But if you honor your commitment to love and cherish, and set aside your emotional rollercoaster of wants for a time to focus on your spouse, the feelings that you desire can certainly be rekindled. Sometimes feelings will be there, and sometimes they won't. You can't just go making decisions based on them.

And it's not rationalization. It's honoring a commitment. Rationalization is lying to yourself to convince yourself it's okay to do something you shouldn't do. Honoring your commitment is going back to doing what you should have done, loving and cherishing till death do us part, etc.

 
At 1:24 pm, Anonymous Anonymous said...

You do not determine your reality. Reality is not subjective. A is A. Read up on Objectivism.

 
At 2:04 pm, Blogger AJ said...

Reality is not subjective.

To all intents and purposes it may as well be. It's our perception of reality that matters, and that is going to be subjective.

 
At 3:26 pm, Blogger Looney said...

Thanks, Ayn. I have.
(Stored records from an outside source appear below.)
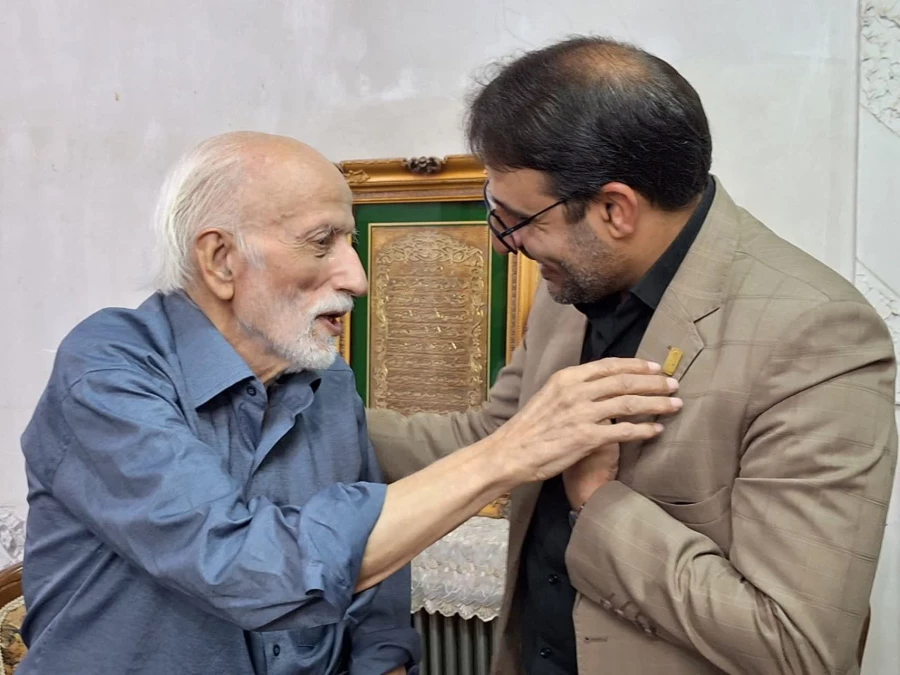 دیدار سرپرست و مدیران دانشگاه فرهنگیان یزد با استاد علی مشاهیری، از پیشکسوتان فاخر استان و رییس اسبق مرکز تربیت معلم شهید پاک نژاد یزد 11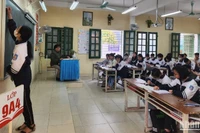 นักเรียนชั้นประถมศึกษาปีที่ 9 ในโรงเรียนจังหวัดไทบิ่ญกำลังศึกษาทบทวนและเตรียมความพร้อมสำหรับการสอบเข้าชั้นประถมศึกษาปีที่ 10 อย่างจริงจัง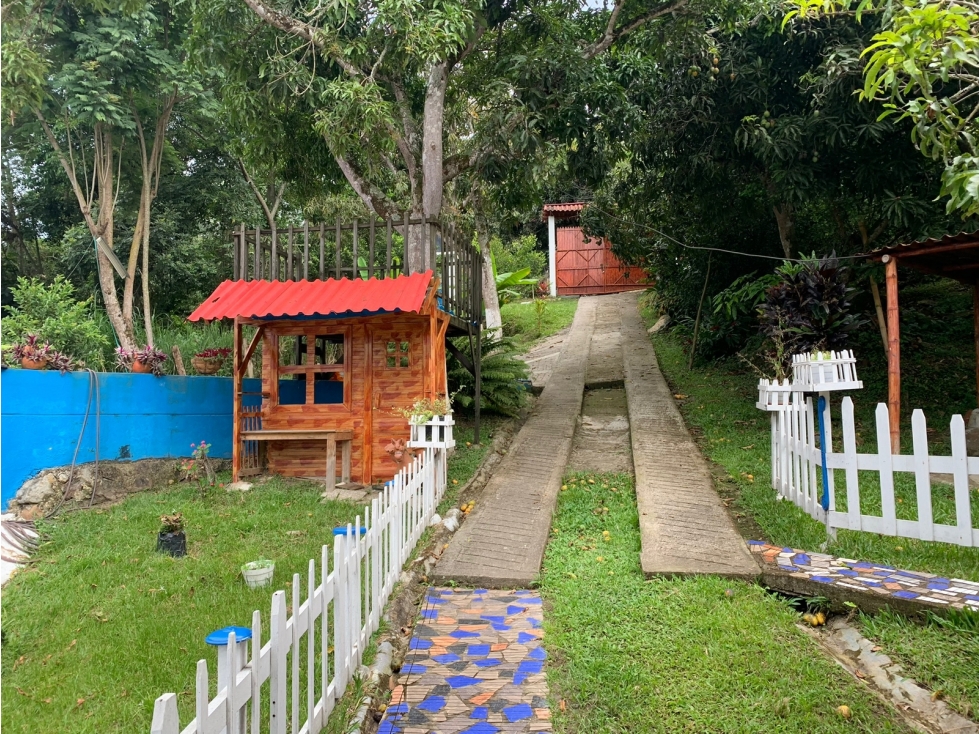 VENTA DE FINCA EN MESITAS - 3 CABAÑAS - 1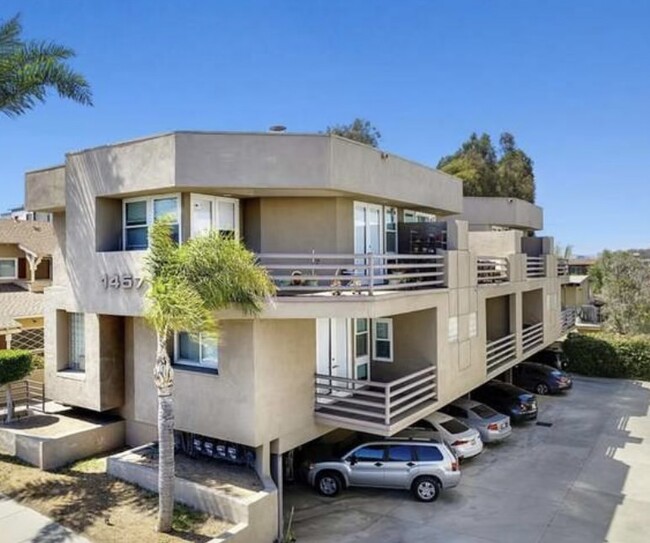 Building Photo - 1457 Manhattan Beach Blvd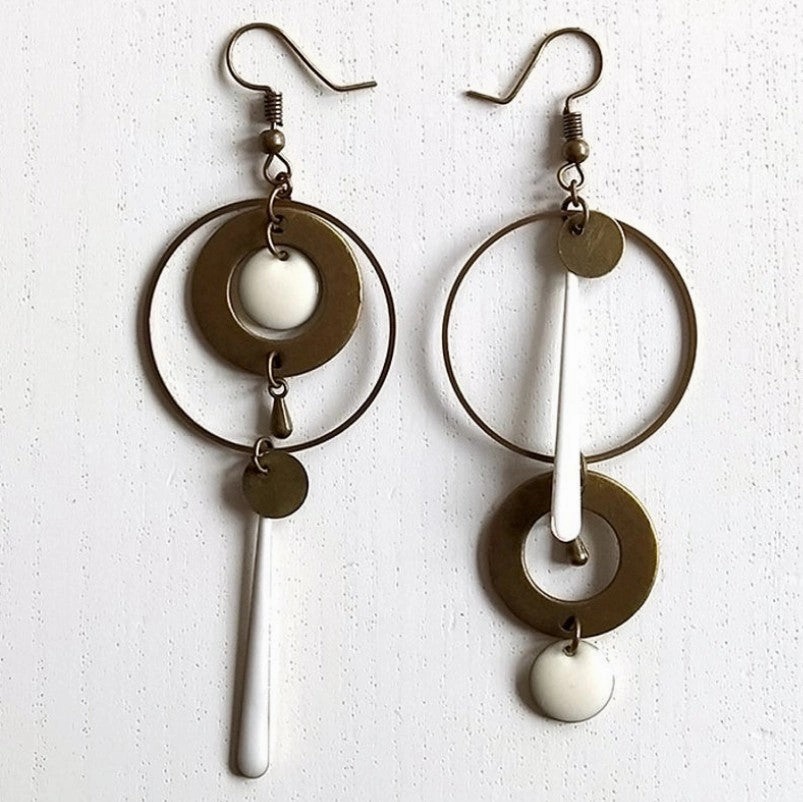 Wholesale Asymmetric Personality Geometric Retro Circle Earrings
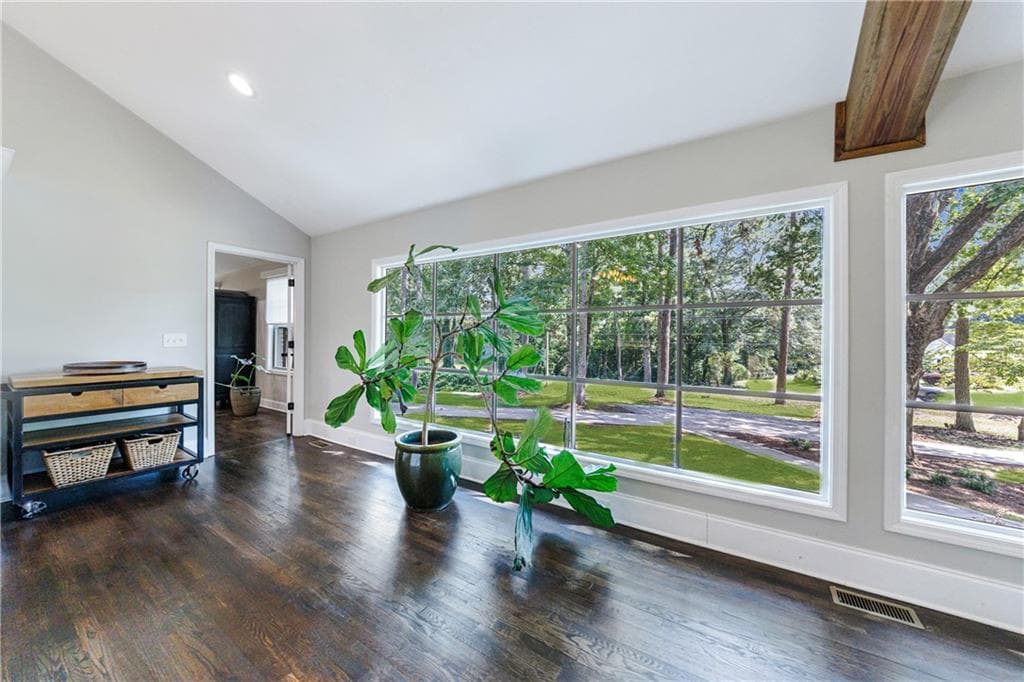 5 bedroom, 4 bathroom, 4,623 sq ft single family residence for rent at 9585a Hutcheson Ferry Road, Palmetto, GA 30268 for $4,200 a month — photo 4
Useless in this conversation, of course, because this is a segment of your reality over which you have some measure of control and come capacity to decide.

And what Arleen said too. If reality isn't subjective, then why are you depending on the subjective to make your decisions?

The reality is that he's married. A *is* A. Therefore that ought to be enough.

Nice corner you've painted there.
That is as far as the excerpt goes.